Der Kanzler über das VP-Ultimatum, Zank in der Regierung, Migration und CETA.
ÖSTERREICH: Was hat der Migrations-Gipfel gebracht?
Christian Kern: Wir haben in Wien jetzt erstmals Klartext gesprochen. Das ist gut so. Mit diplomatischen Erklärungen allein werden wir nicht weiter kommen. Nach Deutschland sind seit April trotz Restriktionen 50.000 Menschen über die Balkanroute gekommen, nach Österreich 18.000. Das ist zu viel. Wir müssen die EU-Außengrenzen einfach besser absichern und dabei auch Ausweichrouten bedenken. Aber das alleine reicht nicht für eine Lösung. Wir müssen auch dafür sorgen, dass die Flüchtlinge möglichst in der Nähe ihrer Herkunftsländer betreut werden können. Das ist effizienter und kostengünstiger, als wenn wir erst am Brenner damit beginnen.
ÖSTERREICH: Sie wollen, dass EU-Staaten, die keine Flüchtlinge aufnehmen, mehr zahlen?

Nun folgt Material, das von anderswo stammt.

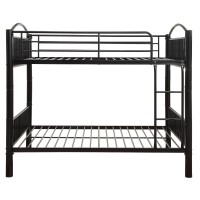 Acme Cayelynn Full Over Full Metal Bunk Bed in Black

Kern: Jeder muss einen Beitrag leisten. Natürlich bietet das Konfliktpotenzial. Aber wie soll ein Österreicher verstehen, dass wir Nettozahler sind und andere Länder, die Nettoempfänger sind, nichts machen wollen. So geht es nicht.
ÖSTERREICH: Wie geht es mit CETA weiter?
Kern: Ich bin ein Anhänger des Freihandels, aber CETA geht weit über den Handel hinaus. Mir geht es darum, Sozial- und Umweltstandards abzusichern. Ohne das gibt es von mir keine Zustimmung. Es zeigt sich auch, dass es hier nun Bewegung gibt, unser kritisches Beharren zahlt sich aus. Wir haben offene Fragen in der Koalition. Aber ich halte die Debatten über CETA für Spiegelfechterei. Auch der Vizekanzler sagt, er wolle Garantien für Sozialstandards. Da sind wir nicht so weit auseinander. Ich sage noch dazu, dass ich mich nicht mit Sonntagserklärungen der EU-Kommission zufriedenstellen lassen. Trotz großen Drucks von Kanada und der EU.
ÖSTERREICH: Der Koalitionsstreit dominiert …
Kern: Die letzten Wochen waren von völlig falschen Diskussionen geprägt und waren nicht gut. So funktioniert es nicht. Sie werden aber von uns trotzdem keine persönlichen Angriffe gegen den Vizekanzler oder VP-Minister finden.
ÖSTERREICH: Sie wurden persönlich angegriffen?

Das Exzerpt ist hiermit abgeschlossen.